Come cantava nel 1983 Sergio Caputo questo è un sabato qualunque, è un sabato italiano.

Mi alzo alle 6. Mi vesto. Devo dare da mangiare al cane. Uggiola, ringhia, piange, abbaia.

Mi viene incontro. Mi salta addosso. È un modo per raccomandarsi. Insomma ha fame. Guardo il casotto. Guardo l’attaccapanni e le sdraio vecchissime. Il cane ė lì che aspetta impaziente.

Ho sempre timore che svegli i vicini.  Vado in garage a preparargli il pasto. Mangia i croccantini. Gli ritiro il ciottolo. Il lagotto è stato sfamato. È tutto festoso e brioso a stomaco pieno e dopo ore di riposo.

Lascio un biglietto in tavola in cui ho scritto che sono andato a camminare. Prendo le chiavi di casa perché al ritorno non posso suonare il campanello per farmi aprire, visto che sono tutti a letto. Prendo il telefonino. Lo accendo. Prendo pochi spiccioli. Prendo la mascherina.

Una volta ho fatto un km prima di accorgermi di non averla con me. Di solito me la ricordo. Ho sentito dire una volta alla televisione che scordarsela è un comportamento antiadattivo, disfunzionale.  Mi incammino.  Attraverso sulle strisce. Non trovo anima viva, non mi imbatto in nessuno. Faccio il solito percorso. Sono abitudinario.

Sono in viale Rinaldo Piaggio. Vado verso l’ospedale. C’è un bar-tabaccheria ma trovo chiuso. Volevo prendere un caffè lì. È aperto solo il self-service per i fumatori, ma io ho smesso da tempo immemorabile di fumare e non ho alcuna intenzione di ricominciare.

Ogni tanto però mi piace farmi inebriare dalla nuvoletta di fumo di qualche tabagista,  che mi fuma accanto o davanti in qualche tratto di strada.

La sigaretta un tempo era la mia dolce compagna, un modo per ridurre l’ansia, una valvola di sfogo, una epifania, un modo per socializzare, qualcosa di riempitivo al vuoto della giornata. Ho scoperto che potevo farne tranquillamente a meno. La dipendenza fisica dura un giorno o poco più. Il problema è la dipendenza psicologica.

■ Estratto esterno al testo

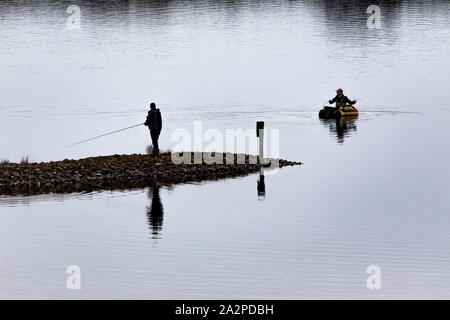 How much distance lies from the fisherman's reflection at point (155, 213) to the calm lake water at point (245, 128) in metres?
0.15

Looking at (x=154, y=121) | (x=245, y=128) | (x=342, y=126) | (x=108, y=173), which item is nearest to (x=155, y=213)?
(x=108, y=173)

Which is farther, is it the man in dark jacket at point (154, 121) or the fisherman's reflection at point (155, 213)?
the man in dark jacket at point (154, 121)

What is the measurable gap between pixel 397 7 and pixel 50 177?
125 meters

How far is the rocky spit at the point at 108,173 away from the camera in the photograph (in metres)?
43.3

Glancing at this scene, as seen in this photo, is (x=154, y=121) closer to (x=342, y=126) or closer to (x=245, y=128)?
(x=245, y=128)

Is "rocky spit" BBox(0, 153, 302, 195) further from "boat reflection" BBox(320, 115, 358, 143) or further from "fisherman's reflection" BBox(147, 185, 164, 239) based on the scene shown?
"boat reflection" BBox(320, 115, 358, 143)

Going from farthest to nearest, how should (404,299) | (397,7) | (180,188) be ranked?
(397,7)
(180,188)
(404,299)

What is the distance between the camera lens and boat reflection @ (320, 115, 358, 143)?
211ft

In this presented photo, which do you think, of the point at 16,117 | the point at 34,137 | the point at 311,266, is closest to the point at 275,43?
the point at 16,117

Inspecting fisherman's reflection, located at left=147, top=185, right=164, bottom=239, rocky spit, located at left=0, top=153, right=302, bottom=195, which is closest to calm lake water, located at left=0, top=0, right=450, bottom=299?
fisherman's reflection, located at left=147, top=185, right=164, bottom=239

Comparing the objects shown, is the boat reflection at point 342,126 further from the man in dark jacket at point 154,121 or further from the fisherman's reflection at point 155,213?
the fisherman's reflection at point 155,213

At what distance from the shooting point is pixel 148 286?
96.2ft

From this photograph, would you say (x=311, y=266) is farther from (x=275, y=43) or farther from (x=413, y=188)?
(x=275, y=43)

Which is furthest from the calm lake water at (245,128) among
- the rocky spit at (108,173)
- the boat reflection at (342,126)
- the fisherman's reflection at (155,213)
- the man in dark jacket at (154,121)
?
the man in dark jacket at (154,121) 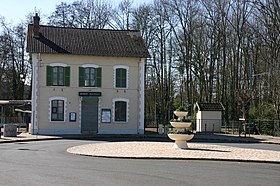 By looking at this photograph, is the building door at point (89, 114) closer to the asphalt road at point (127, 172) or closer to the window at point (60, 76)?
the window at point (60, 76)

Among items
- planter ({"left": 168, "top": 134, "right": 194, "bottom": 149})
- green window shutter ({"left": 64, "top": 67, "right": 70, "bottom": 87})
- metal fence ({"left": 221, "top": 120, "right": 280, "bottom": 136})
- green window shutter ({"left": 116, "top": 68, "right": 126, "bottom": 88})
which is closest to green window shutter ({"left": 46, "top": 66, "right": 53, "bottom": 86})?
green window shutter ({"left": 64, "top": 67, "right": 70, "bottom": 87})

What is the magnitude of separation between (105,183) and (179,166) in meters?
5.18

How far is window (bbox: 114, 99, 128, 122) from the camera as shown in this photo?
135 ft

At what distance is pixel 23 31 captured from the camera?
58.2 meters

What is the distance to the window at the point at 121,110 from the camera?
4112cm

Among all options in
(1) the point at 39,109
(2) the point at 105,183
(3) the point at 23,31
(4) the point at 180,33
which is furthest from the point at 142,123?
(2) the point at 105,183

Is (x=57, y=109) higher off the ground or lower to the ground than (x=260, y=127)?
higher

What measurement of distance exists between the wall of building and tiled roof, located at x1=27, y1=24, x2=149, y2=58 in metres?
0.54

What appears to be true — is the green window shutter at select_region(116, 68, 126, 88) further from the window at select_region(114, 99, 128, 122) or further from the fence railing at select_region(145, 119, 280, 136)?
the fence railing at select_region(145, 119, 280, 136)

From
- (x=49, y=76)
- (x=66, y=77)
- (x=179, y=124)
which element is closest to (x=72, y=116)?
(x=66, y=77)

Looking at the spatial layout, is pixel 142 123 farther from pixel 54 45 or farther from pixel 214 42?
pixel 214 42

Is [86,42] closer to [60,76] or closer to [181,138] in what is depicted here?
[60,76]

Ci vuole un poco di forza di volontà o bisogna essere sopraffatti dalla paura. Io ho deciso di smettere perché avevo paura di peggiorare la mia salute. Ho rinunciato a dei momenti piacevoli come il binomio caffè-sigaretta. Le sigarette possono aiutare a concentrarsi e a memorizzare.

Ma fanno male a molte cose. Le mie prestazioni fisiche sono migliorate col tempo. La mia aspettativa di vita è aumentata. Inoltre ho meno paura quando vado a farmi un elettrocardiogramma o un ecocardiogramma.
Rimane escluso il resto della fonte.